I understand the desire for clarity and urgency, and for a simple answer that can allay the many fears that are rightly troubling businesses at the moment, but this is a complicated environment and a complicated problem. Unfortunately, complicated problems rarely have simple answers. The reality is that it is going to be a co-ordinated effort, where we work out, together with our businesses and industries, a solution that is thoughtful, pragmatic and calm, informed by the data and not by the emotions that many of us may be feeling.
The Secretary of State has been clear that we will always act in the best interests of UK businesses and consumers. As your Lordships know, throughout the last few weeks the Government have been fully focused on discussions on an economic deal with the US. We remain committed to doing this deal, which we hope will mitigate some of the impact that has been announced. I hope that, as the noble Lord, Lord Hunt, referred to, the House is not reading that there is cause for celebration in any of the news that we have announced. I hear the temptation to turn to the other names on the list of tariffs and draw comparisons, but that temptation is to turn inwards and point fingers. I urge all of us to avoid that temptation and instead think about how we work together with that wider community to support all our domestic economies.
We reserve the right to take action if a deal is ultimately not secured. That is a key part of why we are today launching a request for input on the implications for British businesses of possible retaliatory action. This is a formal step, necessary for us to keep all options on the table, but also to form our understanding of how those key areas will be influenced. This exercise will also give businesses the chance to have their say and influence the design of any possible UK response. After all, we are acting on behalf of those UK businesses. I hear the call by the noble Lord, Lord Hunt, that the ball is now in our court. The Government’s preference is to resolve these tariffs through a mutually beneficial deal. They have also been clear that they will always stand up for that national interest. This is why that request for input is so important: to inform the Government’s preparation of their options.
We know that it is a concerning time for both businesses and consumers, but it is important to note that this Government have made plenty of decisions which will have a positive impact on the economy in the weeks and months ahead. We are putting more pounds in people’s pockets by freezing fuel duty; boosting the minimum wage by up to £1,400 a year; and protecting working people, with no rise in their national insurance, income tax or VAT. Living standards are growing at their fastest rate in two years and the Spring Statement showed that each person will be £500 better off by the end of the Parliament. The OBR has said that the economy will grow every year from 2026 and that our planning reforms will lead to a 0.2% increase of GDP, worth £6.8 billion.

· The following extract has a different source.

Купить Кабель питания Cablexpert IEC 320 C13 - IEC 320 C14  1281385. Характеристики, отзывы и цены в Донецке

The UK remains an open, outward-looking nation and one of the world’s leading advocates for free trade. We have also joined the CPTPP trading bloc, and we continue to pursue export-boosting trade deals with the Gulf Co-operation Council and industrial giants such as India. Our number one priority is growing the UK economy. A positive trading relationship with all our trading partners, including the US, the EU and all these others, will help us deliver that. I hear the call for a full trade analysis and understanding of when future export opportunities will be available to us.

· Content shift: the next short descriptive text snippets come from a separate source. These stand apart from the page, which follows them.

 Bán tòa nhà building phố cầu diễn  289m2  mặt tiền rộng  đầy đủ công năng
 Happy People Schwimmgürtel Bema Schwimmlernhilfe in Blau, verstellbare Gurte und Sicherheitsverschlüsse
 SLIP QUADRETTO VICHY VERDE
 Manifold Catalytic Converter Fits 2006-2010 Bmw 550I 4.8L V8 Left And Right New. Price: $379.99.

As we think about the impact on the automotive industry, we think about our key industries in the UK. We have used our industrial strategy to strengthen the UK’s automotive competitiveness. The Budget committed over £2 billion of capital and R&D funding to 2030 for zero-emission vehicle manufacturing and its supply chains. This long-term commitment is a vote of confidence in our automotive industry, supporting investment in its transformation as we accelerate to zero-emission vehicles. There was also over £300 million announced in the Budget to drive uptake of electric vehicles.
Our industrial strategy will continue to be unreservedly pro-business, engaging on complex issues that are barriers to investment, such as energy prices and access to finance and skills—all through the lens of promoting investment. Getting the transition right and supporting the growth of the electric vehicle market in the UK could unlock a multibillion-pound industry and deliver high-paid jobs for decades to come.

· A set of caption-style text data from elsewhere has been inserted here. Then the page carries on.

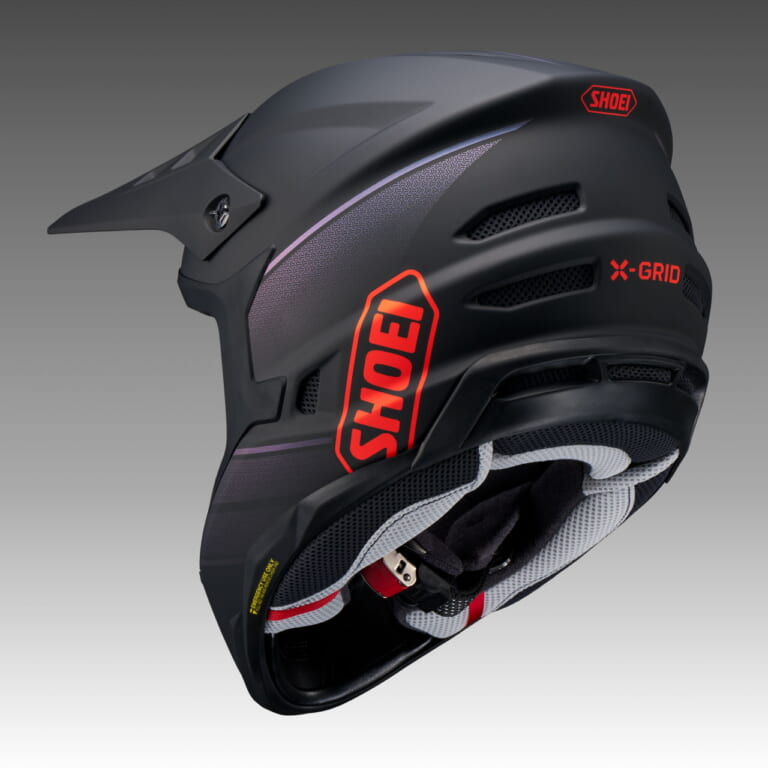 SHOEI|X-GRID / X-GRID DOMINATE|SHOEIがBMXヘルメットに進出!! 超軽量「X-GRID」はモトクロスの知見を活かし究極の安全性と機能性を追求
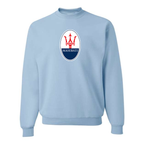 Men’s Maserati Car Crewneck Sweatshirt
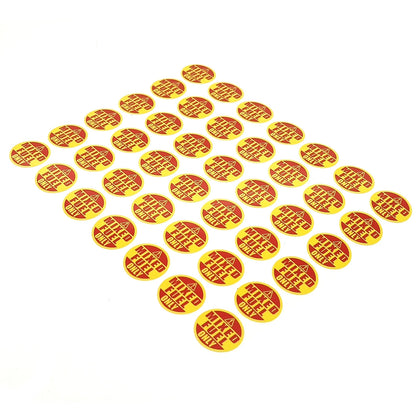 Mixed Fuel Only Sticker for Gasoline Diesel Tank (42x)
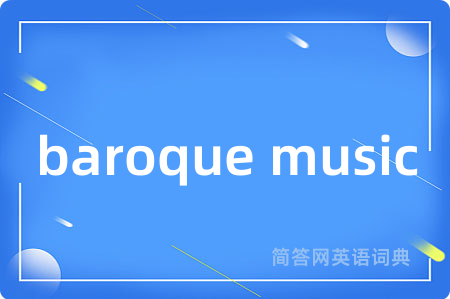 baroque music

How will this impact our neighbours? I am thinking about the Windsor Framework in particular, and the opportunities for businesses to protect themselves through the Windsor Framework duty reimbursement scheme that has been referred to. This scheme is there to support businesses, ensuring that they can use it to mitigate any costs that may come from possible tariffs. Businesses should be able to contact HMRC for any information about the scheme. It will of course be a formative part of the advice to businesses we are giving through the great.gov website.
I understand that working closely with businesses to make sure they have all the information they need is really important. The request for input has been opened and that information is already becoming available. It came online today, and we have already seen a significant number of requests and input coming through that process.
This Government were elected to bring security back to working people’s lives. Businesses and workers alike are looking to this Government to act in the national interest and navigate Britain through this period. We will continue to progress on securing a deal that secures our industries while keeping all our options on the table.
My Lords, the Minister’s Statement and her answers seem to have completely lacked the time dimension, and I wonder why this is so. President Trump is embarking, in theory, on a huge programme of import substitution, major planning and investment for years ahead. There are some areas in which import substitution will not be possible, and others where it will take three or four years, by which time President Trump will be gone—unless he manages to wangle a third term.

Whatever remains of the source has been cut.